Early College Preparation (part 1)

I’m often asked what parents of young children can do to help their kids be ready for college.  While most of my writing is for high schoolers and their parents, I do have a suggestion or two to contribute to that discussion.

In my mind, the most important thing you can do toward this end is to make college a part of their life, one of your expectations, and something they learn about, talk about and hear about throughout their young life.  When it’s summer they will go swimming, when it’s Halloween they will go trick-or-treating, and when they’re finished with high school they will go to college.  As the parent, you can make it that way.

I call that college ideation, and I think it is critical to a person’s success in college.  (I can’t claim to be the originator of that term.  I remember reading it once when I was in graduate school, but have been unable to find it again to reference where I found it and whose concept it really is.)  What I’m talking about, though, is a person being able to imagine themselves at college, being successful.  It is particularly important to those who are first-generation college students or those with little support for higher education within their immediate family, but also applies more broadly to most everyone.  If a person cannot imaging themselves walking across a college campus, sitting in a class, studying, and being successful in college, it will be very difficult for them to actually do it.  By what you do, how you talk about college, and the way you expose your child to the world of jobs and careers, and to the life of a truly educated, involved citizen, you can affect their future success.  Limiting your discussions to college as simply job training is too simplistic and ignores one of the most important aims of higher education broadly educating individuals and making their contributions to society more meaningful.

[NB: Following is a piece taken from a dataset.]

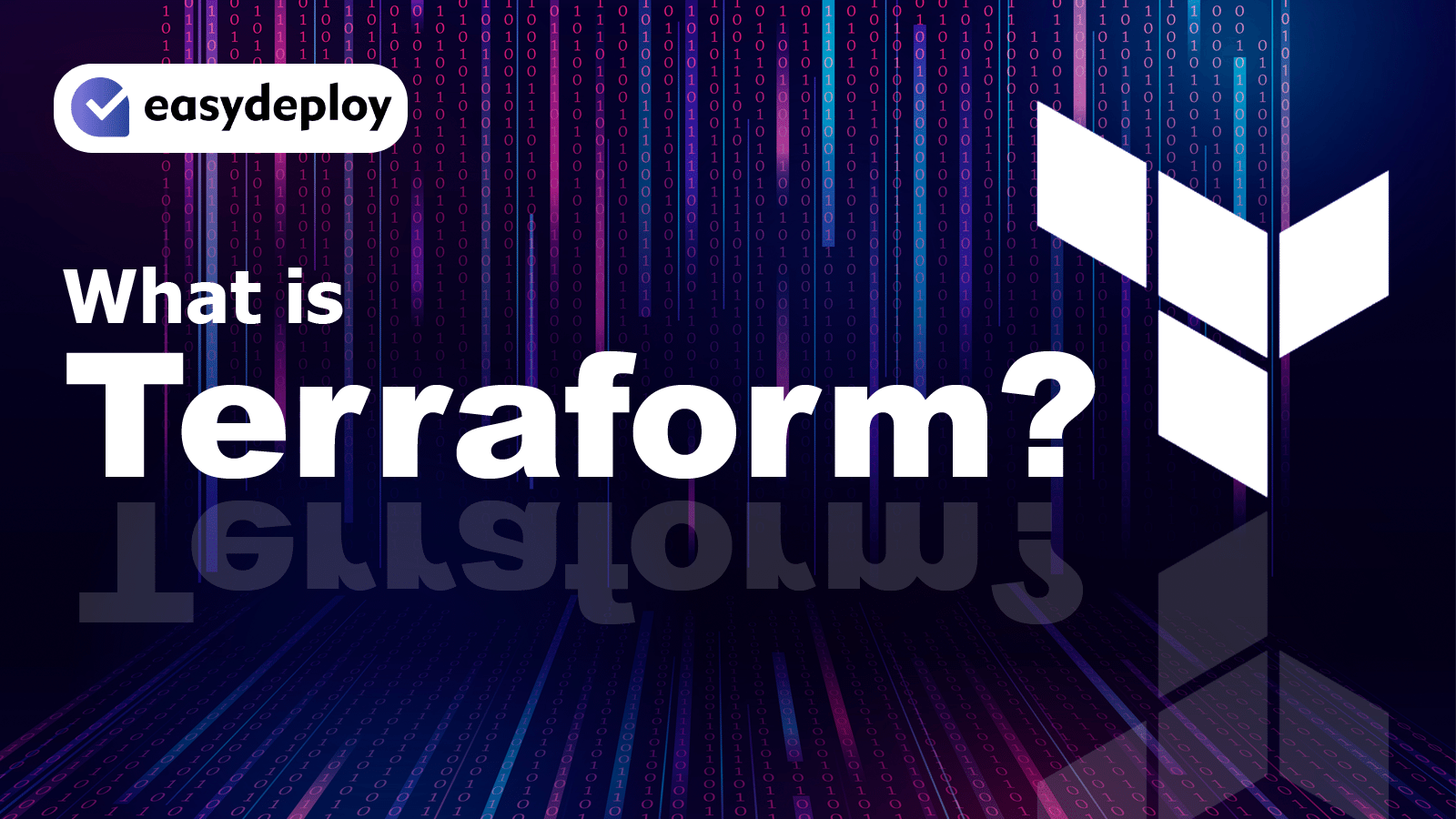 What is Terraform?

In much the same way as a child imagines themselves as a professional baseball player hitting a game-winning homerun, or a lawyer imagines a perfect summation before a jury, or an Olympic sprinter uses imagery to prepare for their event… if you can’t imagine yourself doing it, there’s a good chance you can’t do it.  Practicing and imagining yourself doing something successfully, is an important part of preparation for many facets of life.  College is no different.

What you need to do is just make college a part of life.  As parents, we often talk to our children about what they’ll do next.  For example, “When you get bigger, you’ll go to school like your big brother” or “Next year, in middle school, you’ll have a lot of different teachers, each one teaching a different subject.” or “This year you hit the ball off of a tee, but next year one of your coaches will pitch to you”.  It seems like we don’t always talk about college in the same way, sometimes making it an “if” rather than a “when”.  By making college one of the steps in life that they are expected to do, you increase the likelihood that they’ll do it.  I don’t mean that not going to college is unacceptable, or that it is the only path to success in life.  But I do think it’s a part of having high standards and expectations for your child and their future.